Analysis of Acceleration Techniques and Fast Nonlinear Solvers

Abstract

This dissertation focuses on the analysis and development of acceleration techniques and fast solvers for nonlinear systems of equations. Building upon the fixed-point and extrapolation frameworks introduced in the early chapters, we explore structural connections between residual-based acceleration methods and Krylov subspace techniques. The first main contribution is a unified algebraic framework establishing the equivalence between the Anderson Acceleration method and the CROP (Conjugate Residual with Optimal Trial Vector) algorithm. By formulating both methods within a common affine subspace representation, we show that their full, untruncated forms produce identical iterates, motivating new hybrid variants such as CROP-Anderson and real-residual CROP (rCROP) methods. The second contribution is a perturbation analysis of Anderson-type variants, examining the effects of deterministic and stochastic errors on convergence.
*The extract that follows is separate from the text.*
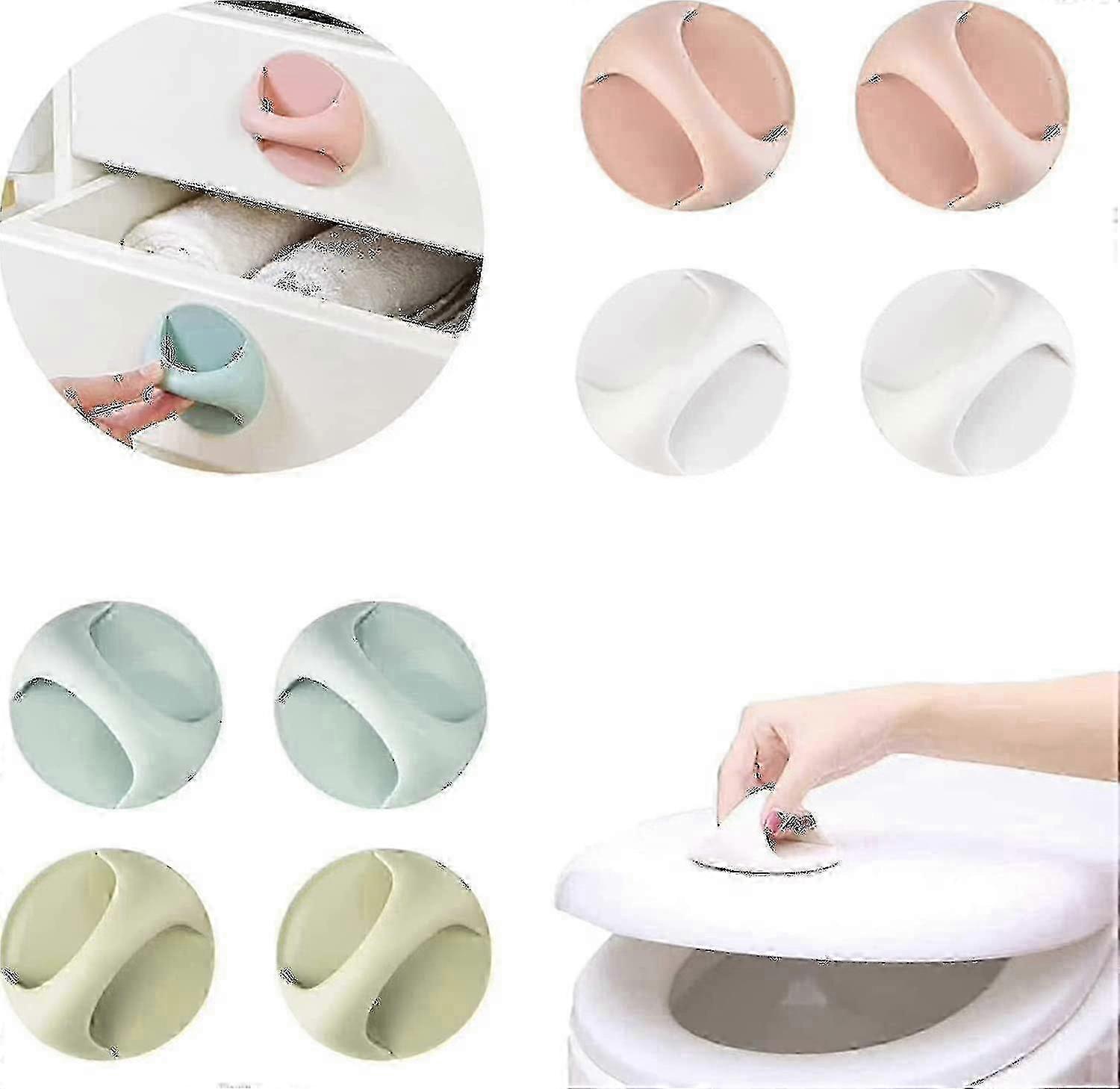 Maniglie rotonde autoadesive da 8 pezzi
Numerical experiments confirm that acceleration efficiency depends critically on both the choice of update strategy and the nature of perturbations. The third contribution extends this unified perspective to nonlinear Krylov subspace methods. Nonlinear extensions of GMRESR, GCRO, and LGMRES are derived, forming the nlKrylov family of algorithms, and analyzed in the context of inexact Newton solvers, with convergence results established under relaxed conditions on residual and Jacobian approximations.